How to complete this task:
The needed output is the run of lines below from the one containing "You will need" through the one containing "And so how many", copied exactly and free of pictures.

[Opening Given entries section]

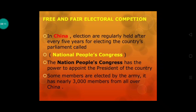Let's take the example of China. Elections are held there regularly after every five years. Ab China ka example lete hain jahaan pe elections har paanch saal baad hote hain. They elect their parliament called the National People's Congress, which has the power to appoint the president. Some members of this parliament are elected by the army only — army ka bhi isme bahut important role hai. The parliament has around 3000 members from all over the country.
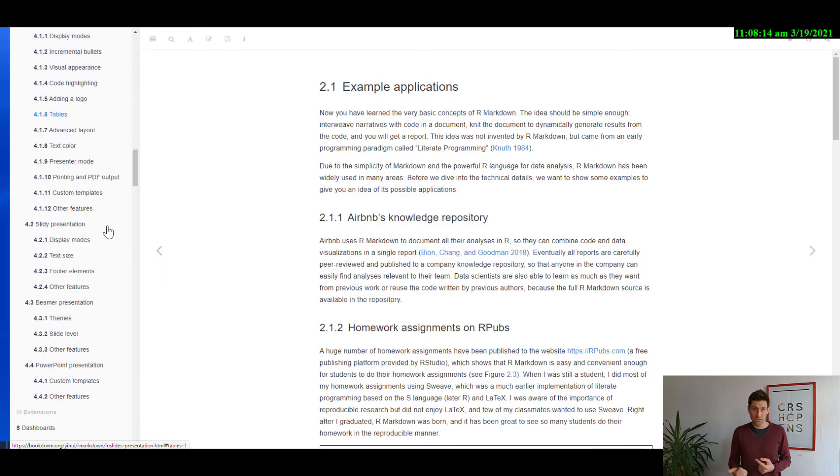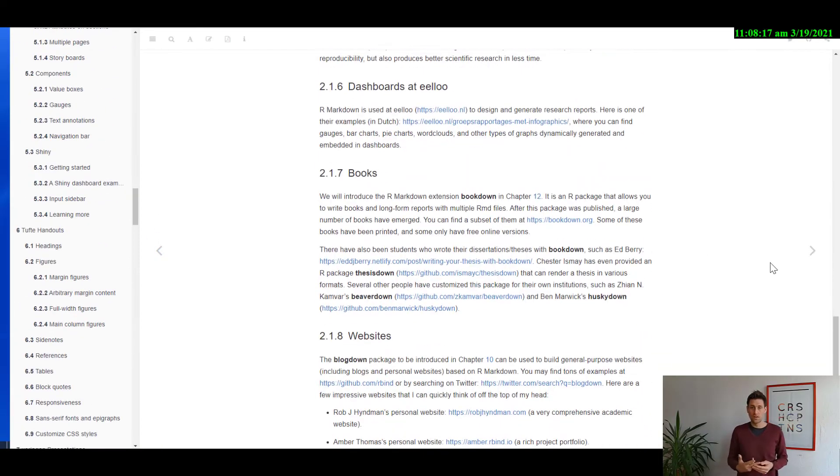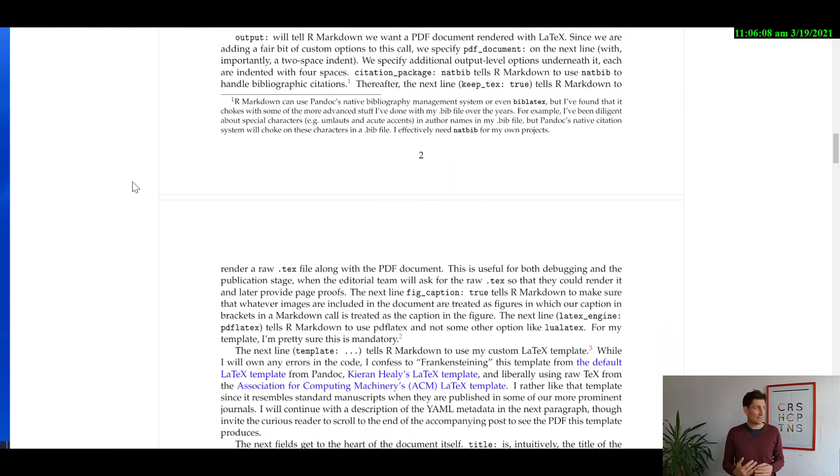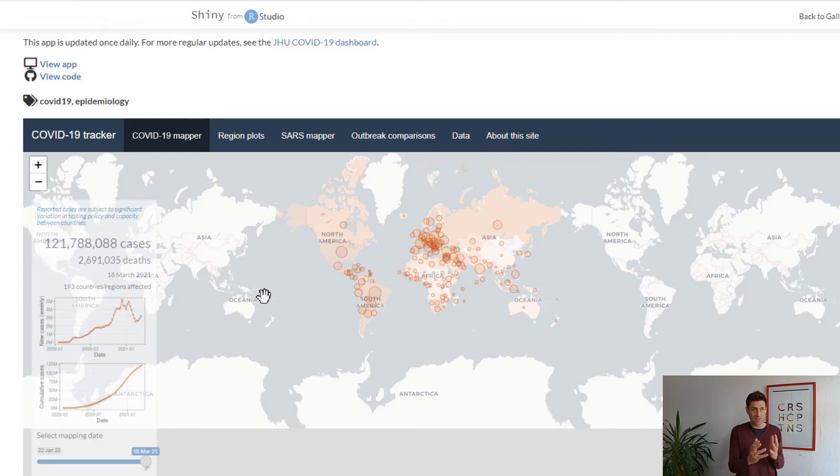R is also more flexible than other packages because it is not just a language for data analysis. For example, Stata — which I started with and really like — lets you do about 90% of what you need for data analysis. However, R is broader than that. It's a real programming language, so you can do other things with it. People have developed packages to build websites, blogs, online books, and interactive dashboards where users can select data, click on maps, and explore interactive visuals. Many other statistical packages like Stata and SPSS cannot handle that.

[Closing Given entries section]
[Opening Given entries section]

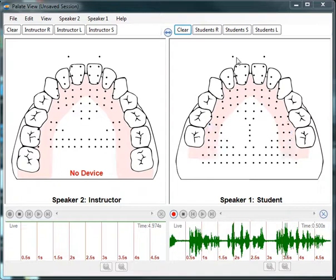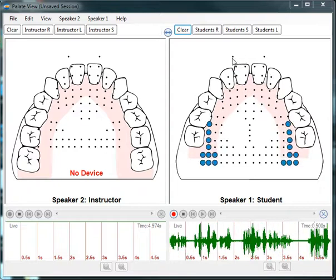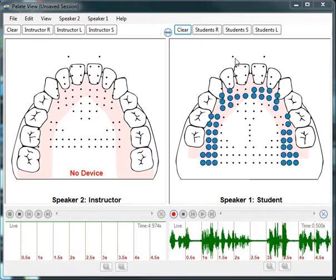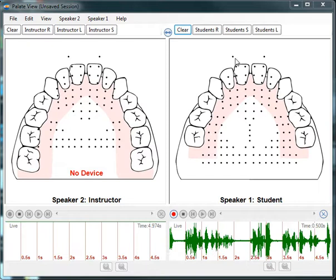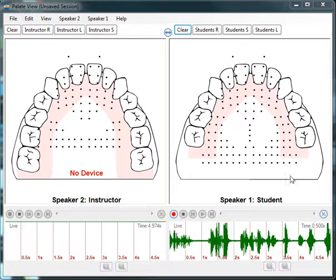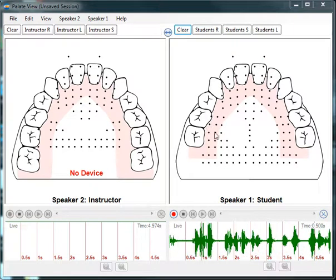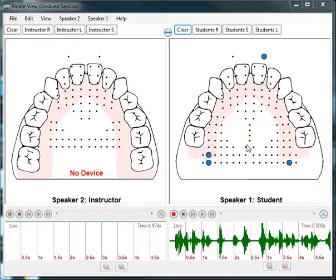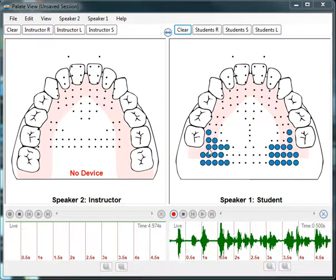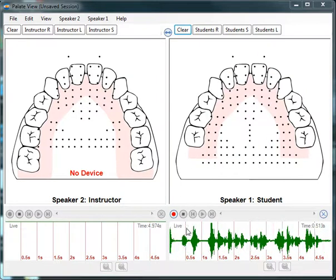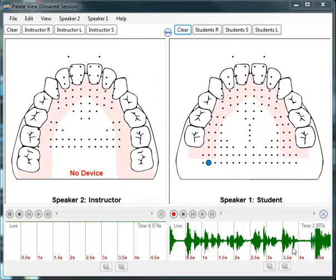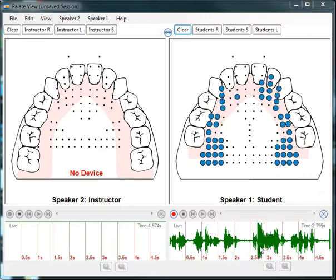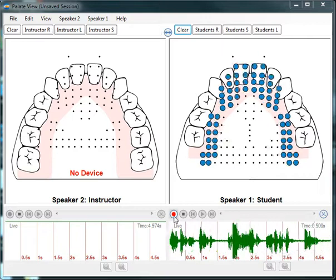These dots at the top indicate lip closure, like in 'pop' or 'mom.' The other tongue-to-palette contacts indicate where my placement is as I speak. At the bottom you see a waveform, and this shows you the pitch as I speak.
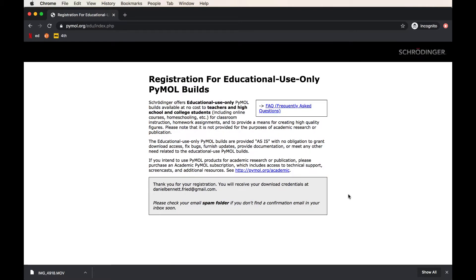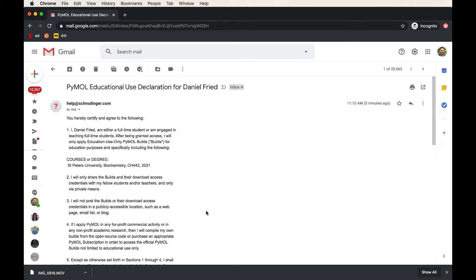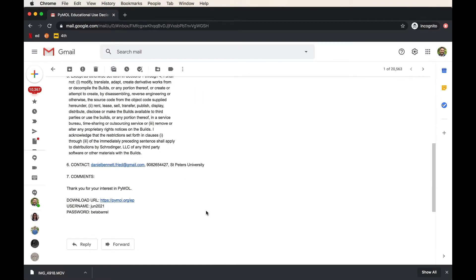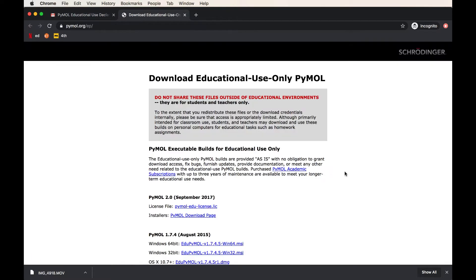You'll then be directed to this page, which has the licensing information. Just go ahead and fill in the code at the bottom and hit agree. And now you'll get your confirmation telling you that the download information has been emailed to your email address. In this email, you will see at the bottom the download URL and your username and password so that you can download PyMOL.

[Closing Given entries section]
[Opening Given entries section]

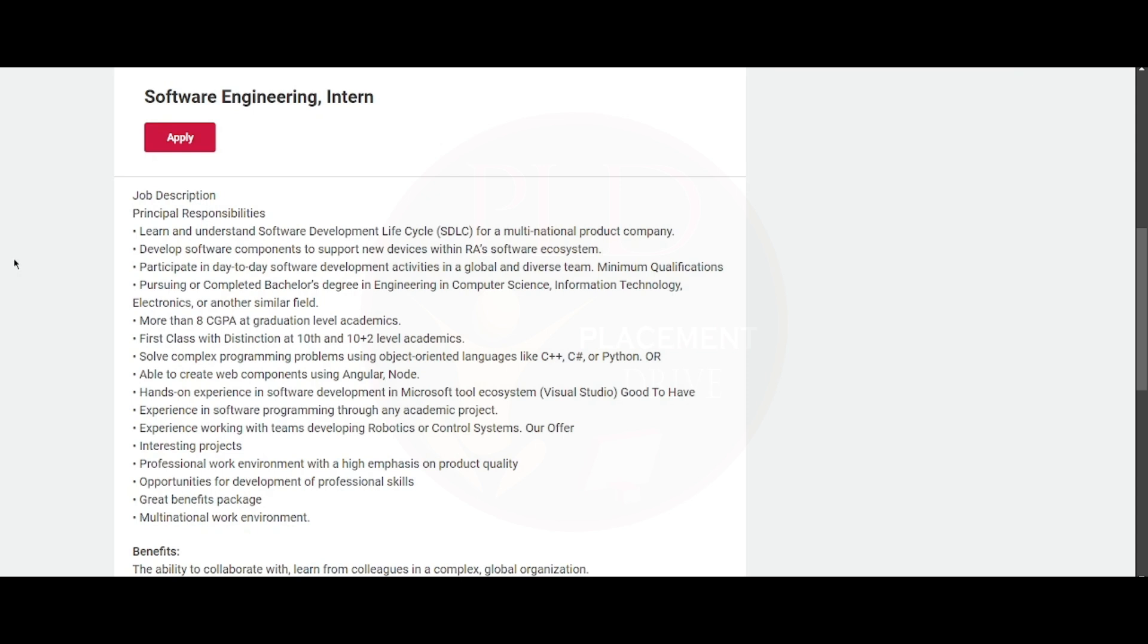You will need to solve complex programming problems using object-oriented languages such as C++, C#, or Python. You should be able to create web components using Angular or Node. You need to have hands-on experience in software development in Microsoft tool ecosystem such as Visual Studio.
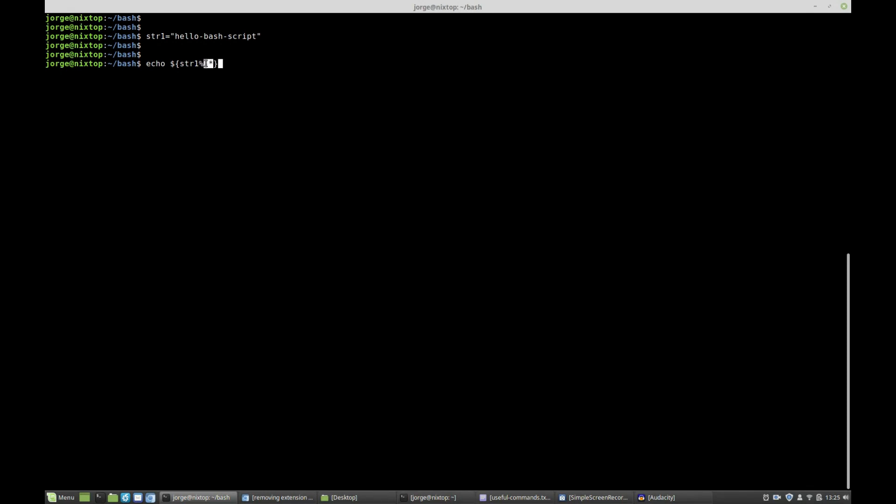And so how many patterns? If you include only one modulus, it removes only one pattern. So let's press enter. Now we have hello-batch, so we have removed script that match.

[Closing Given entries section]

Response:
You will need to solve complex programming problems using object-oriented languages such as C++, C#, or Python. You should be able to create web components using Angular or Node. You need to have hands-on experience in software development in Microsoft tool ecosystem such as Visual Studio.
And so how many patterns? If you include only one modulus, it removes only one pattern. So let's press enter. Now we have hello-batch, so we have removed script that match.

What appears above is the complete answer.